» **TASK PROMPT**: As you reproduce every line below, keep it exactly as written and leave out the images.

COLLECTED MATERIAL START

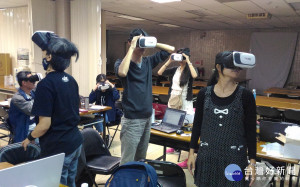 天文VR課程開發（圖／台北市立天文科學教育館提供）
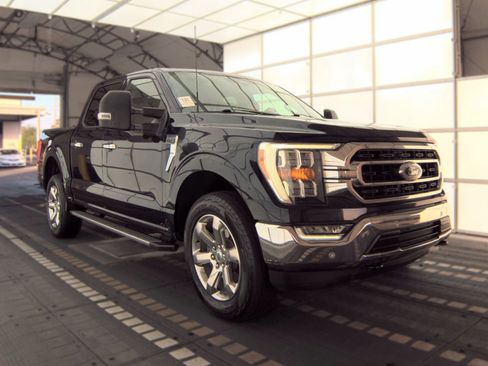 Used 2022 Ford F150 XLT w/ Equipment Group 302A High AWD/4WD image 5
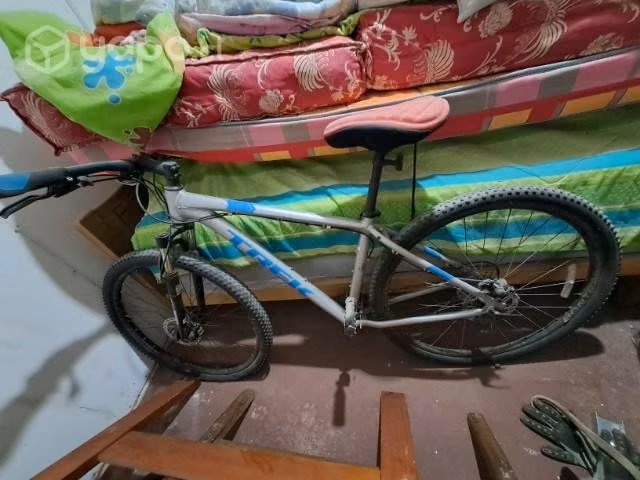 Bicicleta, Trek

COLLECTED MATERIAL END

» **EXERCISE SOLUTION**:
 天文VR課程開發（圖／台北市立天文科學教育館提供）
 Used 2022 Ford F150 XLT w/ Equipment Group 302A High AWD/4WD image 5
 Bicicleta, Trek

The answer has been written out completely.